Paris Memories marks a geographical homecoming for the director. Drawing from her brother’s experiences at the Bataclan in 2015 – and following on from the recent similarly-themed dramas Amanda, One Year and One Night, and November – Winocour’s film explores life after a terrorist attack.
Mia (Virginie Efira) works as a Russian translator and journalist. She is married to Vincent, a doctor (Grégoire Colin). Her shiny motorbike appears to be the most dramatic thing about her until the evening she walks into a bistro, sits down to jot some notes with a fountain pen, and orders a glass of wine.

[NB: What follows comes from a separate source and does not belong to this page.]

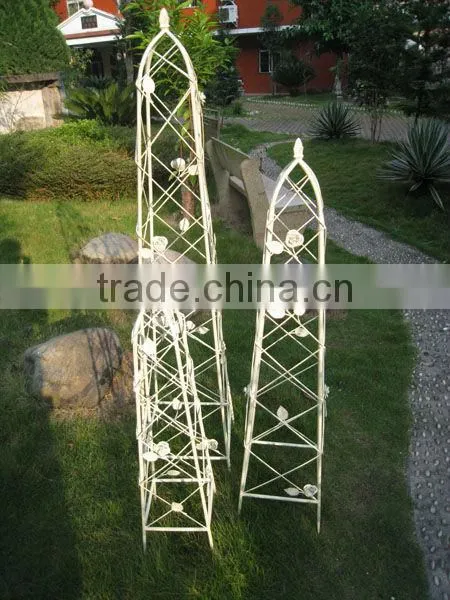 Classical Antique White Ecofriendly Wrought Irons Powder Coated Small Garden Planter Trellis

She cannot remember the mass shooting that follows.
Her struggle to return to normalcy leaves her feeling alienated at social gatherings and estranged within her marriage. Her initial visits to a survivors’ group only add to her confusion. Her attachment to Thomas (Benoît Magimel), another survivor, blossoms as her relationship with Vincent seems to wither.
This delicate drama explores PTSD with considerably less heft and action than Winocour brought to her 2015 thriller, Disorder.
The increasingly essential Efira works in nuanced movements. Magimel, on a career hot streak, grafts charm and charisma to the slightly underdeveloped Thomas. Strong supporting players include Nastya Golubeva Carax.
It takes a while for Winocour’s gentle drama to consolidate into a satisfying detective story as Mia pieces together the events of that fateful evening. The denouement is dramatically convenient but undeniably moving.